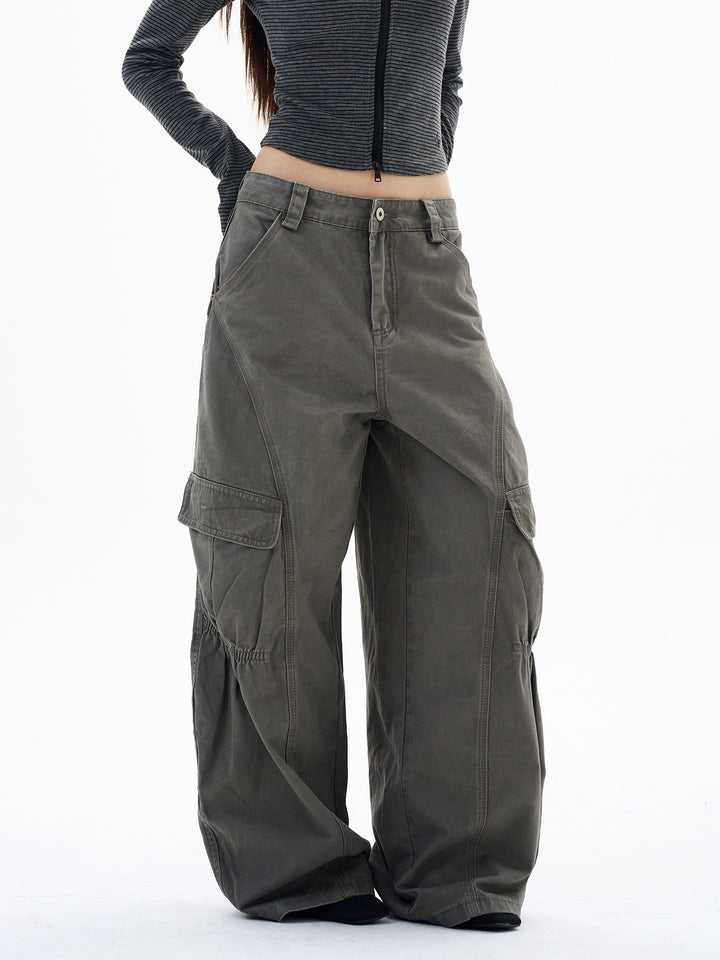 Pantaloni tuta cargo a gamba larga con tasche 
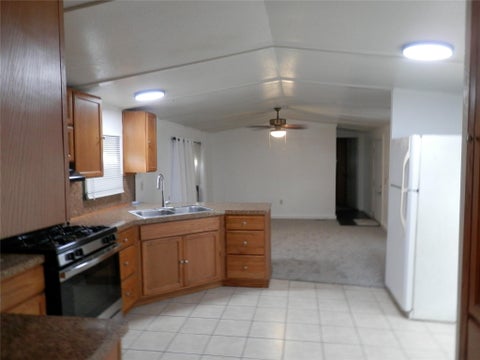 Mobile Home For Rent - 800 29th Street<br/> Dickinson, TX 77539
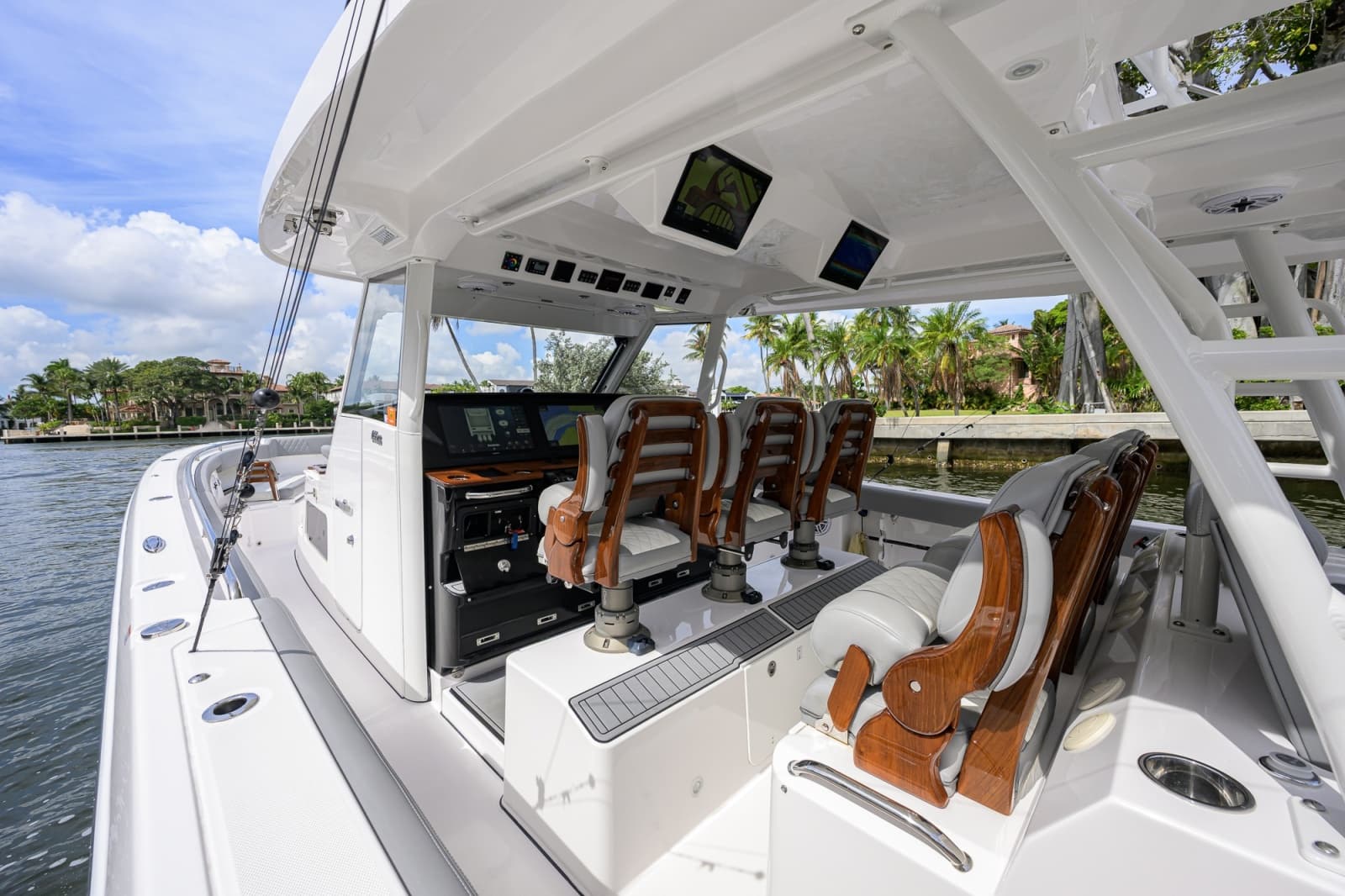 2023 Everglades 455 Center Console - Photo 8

PROBLEM TO WORK ON: Take the lines from the one that contains "Mobile Home For" down to the last line of the listing above, both included, and set them down exactly, leaving out pictures.

FINAL ANSWER:
 Mobile Home For Rent - 800 29th Street<br/> Dickinson, TX 77539
 2023 Everglades 455 Center Console - Photo 8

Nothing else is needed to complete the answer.